Antes de adentrarmos na discussão acerca das duas teorias da desconsideração da personalidade jurídica, faz-se necessária uma análise sobre o surgimento e importância dessas teorias. Conforme leciona Coelho (2016, p. 251) os integrantes da pessoa jurídica são sujeitos distintos, autônomos e inconfundíveis. Existe uma autonomia da pessoa jurídica em relação a seus sujeitos (sócios e administradores, por exemplo), na qual os seus componentes somente serão responsabilizados por débitos dentro dos limites do capital social, ficando a salvo seus patrimônios individuais (TARTUCE; Flávio, 2020, p. 159).
Dada essa característica supramencionada, a pessoa jurídica pode, por vezes, servir de instrumento para fraudes e abusos, ocorrendo uma deturpação nas finalidades da pessoa jurídica (BRAGA NETTO; Felipe Peixoto, 2015, p. 273). Em face desse cenário que surge a teoria da desconsideração da personalidade jurídica, a fim de evitar a manipulação fraudulenta da autonomia patrimonial das pessoas jurídicas (COELHO; Fábio Ulhoa, 2016, p. 252).

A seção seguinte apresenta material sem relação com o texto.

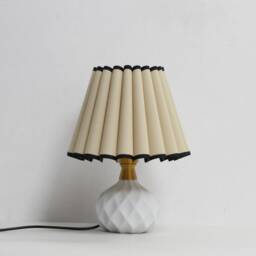 Handmade Khaki Fabric Table Lamp White Ceramic Base, Black Trim - thumbnail 2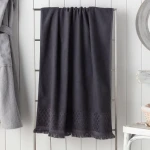 Madame Coco - Velvet Detail Bath Towel, Anthracite - مدام كوكو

Com base no que preceitua nosso Código Civil, em seu art. 50, a desconsideração da personalidade jurídica serve para alcançar pessoas e seus respectivos patrimônios, e se justifica quando necessária para assegurar o ressarcimento de terceiros que foram lesados pela má-fé dos que se escondem dentro de uma pessoa jurídica para fins ilícitos e/ou abusivos (BRASIL, 2002).
É válido mencionar, ainda, que a desconsideração apenas suspende a eficácia episódica dos atos constitutivos da pessoa jurídica, de modo que o princípio da autonomia patrimonial continua válido; isto é, não há uma invalidação, desconstituição ou comprometimento da eficácia geral dos atos da pessoa jurídica (COELHO; Fábio Ulhoa, 2016, p. 252).
De acordo com Braga Netto (2015, p. 274) a desconsideração poderá ser requerida pelo Ministério Público e pela parte interessada, sem que haja qualquer menção na legislação ou na jurisprudência acerca da possibilidade de o juiz agir de ofício.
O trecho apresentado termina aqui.